It was originally a bold plan to operate a bicycle sharing service.
It was promoted as being cool, it was a “green” way to get around Montreal or any city. It’s called Bixi-for bicycle taxi. For an small annual fee, people can unlock and ride away on one of 3000 bixi bicycles from any of the 300 public bisi parking docks around the city core. They then ride to their destination and drop it off in a locking dock nearby.
It was bold, but it lost money from the beginning, and has now filed for bankruptcy protection in spite of an earlier $108 million in public money in loans and guarantees from Montreal to bail out the company.
In a report released Monday, Montreal’s Auditor-General Jacques Bergeron said the city didn’t properly study the program’s feasibility before its launch. He also said the Bixi service will cost taxpayers millions for years to come.
The bike sharing service began in Montreal in 2009 operating as a non-profit company under the auspices of the Montreal Parking Authority. By 2010, startup costs had it running at a deficit of $30 million.
The idea of bicycle sharing and the bixi’s quickly caught on with other cities in Canada, Australia, the US and London England.
Ottawa, the national capital joined and started a trial also in 2009 year but that city wanted a private company to take it over. It did not return in 2010 as no private company was interested in taking on the programme. It returned to the capital in 2011 under the auspices of the publicly-funded National Capital Commission and remains in operation for the time being although still looking for private business to take it over.
Two years after its launch in Canada’s biggest city, Toronto, thanks to that city’s $4.8 million dollar loan guarantee, the Bixi system has been a money-loser and also appears headed to fail, or get taken over by the city with more public money. Toronto’s transport manager says Bixi had overestimated the number of subscribers and daily riders. Bixi had said revenue from sponsors, subscribers and occasional use riders would cover operating costs, pay off the debt and possibly turn a profit which Bixi and Toronto would share 50-50
It should be noted that in the current Canadian locations, the Bixi system has to be taken down and reinstalled every year for several months of winter, which limits its useful time and adds to costs.

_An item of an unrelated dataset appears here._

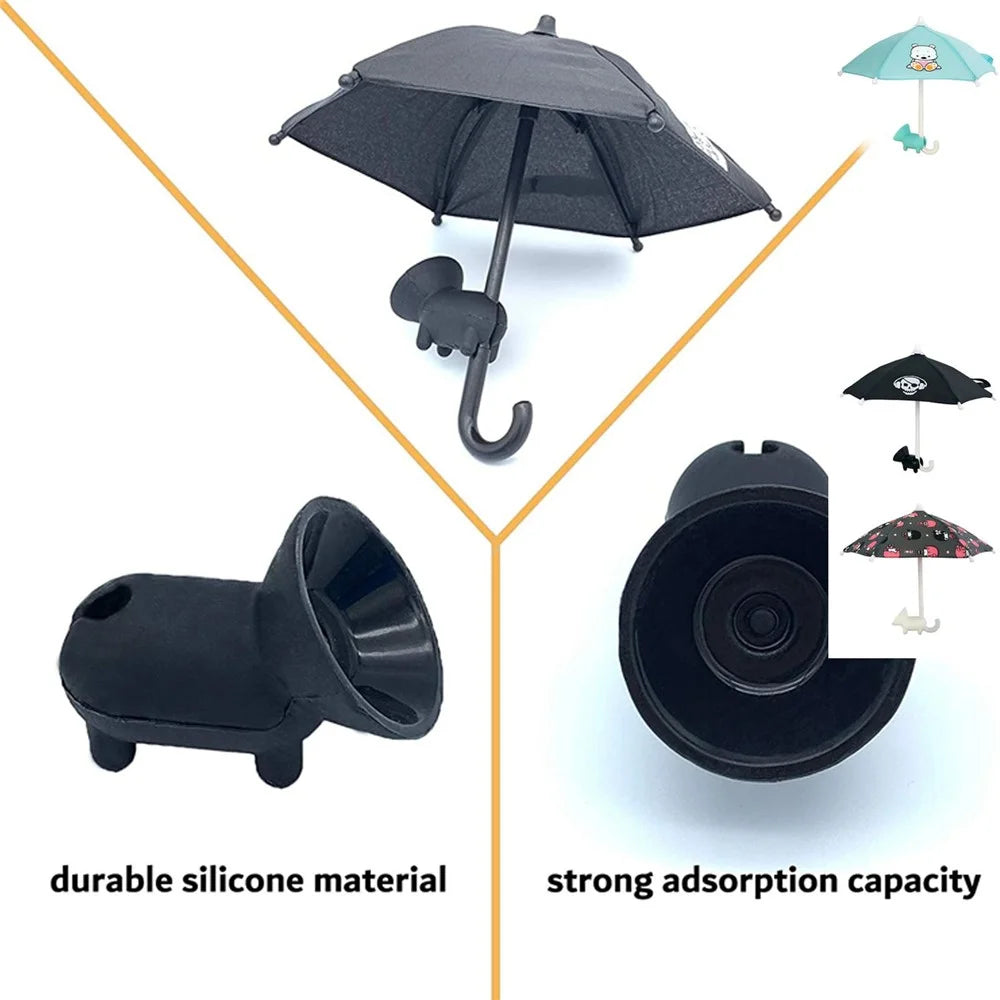 RY-331 Outdoor Cute Mobile Phone Mini Umbrella Sun Shade Cover with Suction Cup Stand - Lake Blue / Bear - 6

A Toronto city hall official says that excluding the debt costs, Bixi is still about $100,000 short of it paying its $1.5 million operating costs,
Elsewhere, in Melbourne, Australia; New York, Chicago, Washington, and elsewhere, the programme runs on public monies through environmental grants and government funding, under the idea that its an environmental initiative or part of the transit system meant to be subsidized.
Vancouver on Canada’s west coast has been waiting for two years to begin its bicycle sharing programme. The mayor, Greg Robertson says the Bixi company’s bankruptcy won’t affect its plans though it would use Bixi bikes.
Vancouver had chosen the American company Alta Bicycle Share of Portland to run its programme. Alta would use bixi bikes which it also uses for its programmes in New York, Chicago and elsewhere
It’s not clear what Alta will do now.
Vancouver had committed to about $7 million in startup costs and $500,000 annually for ongoing signage and staff work.
Montreal’s new mayor, Denis Coderre says Montreal which is taking over the operation, will have Bixi bikes on the streets this summer. He added Bixi has been trying to sell its international operations but has had no takers so far.